=== Begin Enclosure ===

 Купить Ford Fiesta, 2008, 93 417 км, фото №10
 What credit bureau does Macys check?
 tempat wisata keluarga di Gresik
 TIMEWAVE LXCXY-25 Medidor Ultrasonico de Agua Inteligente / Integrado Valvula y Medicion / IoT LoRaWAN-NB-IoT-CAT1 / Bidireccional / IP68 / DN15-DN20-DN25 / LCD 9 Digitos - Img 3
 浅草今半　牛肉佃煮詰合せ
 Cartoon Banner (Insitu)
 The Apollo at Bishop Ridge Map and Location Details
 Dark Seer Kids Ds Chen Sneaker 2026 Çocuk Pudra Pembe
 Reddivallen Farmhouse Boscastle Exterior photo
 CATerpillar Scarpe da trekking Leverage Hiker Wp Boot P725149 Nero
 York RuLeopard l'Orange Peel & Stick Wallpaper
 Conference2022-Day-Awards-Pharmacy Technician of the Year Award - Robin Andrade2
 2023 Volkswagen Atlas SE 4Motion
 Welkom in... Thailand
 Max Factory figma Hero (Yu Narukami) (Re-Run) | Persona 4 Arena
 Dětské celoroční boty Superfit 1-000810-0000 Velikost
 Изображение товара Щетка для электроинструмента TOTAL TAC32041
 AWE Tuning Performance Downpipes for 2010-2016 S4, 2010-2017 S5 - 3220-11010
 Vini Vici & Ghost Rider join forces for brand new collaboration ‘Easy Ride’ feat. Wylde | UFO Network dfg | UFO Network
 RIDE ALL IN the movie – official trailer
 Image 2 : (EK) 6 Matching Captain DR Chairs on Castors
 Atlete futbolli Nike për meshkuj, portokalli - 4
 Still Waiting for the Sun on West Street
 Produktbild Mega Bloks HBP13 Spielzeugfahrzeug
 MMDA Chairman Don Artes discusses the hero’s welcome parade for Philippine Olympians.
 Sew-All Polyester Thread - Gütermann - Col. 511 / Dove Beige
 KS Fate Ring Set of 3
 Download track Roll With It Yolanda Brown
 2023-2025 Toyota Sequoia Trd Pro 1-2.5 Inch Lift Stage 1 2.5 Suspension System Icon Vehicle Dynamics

=== End Enclosure ===

Only the lines from the first one of the listing up to and including the line where "Max Factory figma" appears are wanted, reproduced exactly.

**Exercise output**
 Купить Ford Fiesta, 2008, 93 417 км, фото №10
 What credit bureau does Macys check?
 tempat wisata keluarga di Gresik
 TIMEWAVE LXCXY-25 Medidor Ultrasonico de Agua Inteligente / Integrado Valvula y Medicion / IoT LoRaWAN-NB-IoT-CAT1 / Bidireccional / IP68 / DN15-DN20-DN25 / LCD 9 Digitos - Img 3
 浅草今半　牛肉佃煮詰合せ
 Cartoon Banner (Insitu)
 The Apollo at Bishop Ridge Map and Location Details
 Dark Seer Kids Ds Chen Sneaker 2026 Çocuk Pudra Pembe
 Reddivallen Farmhouse Boscastle Exterior photo
 CATerpillar Scarpe da trekking Leverage Hiker Wp Boot P725149 Nero
 York RuLeopard l'Orange Peel & Stick Wallpaper
 Conference2022-Day-Awards-Pharmacy Technician of the Year Award - Robin Andrade2
 2023 Volkswagen Atlas SE 4Motion
 Welkom in... Thailand
 Max Factory figma Hero (Yu Narukami) (Re-Run) | Persona 4 Arena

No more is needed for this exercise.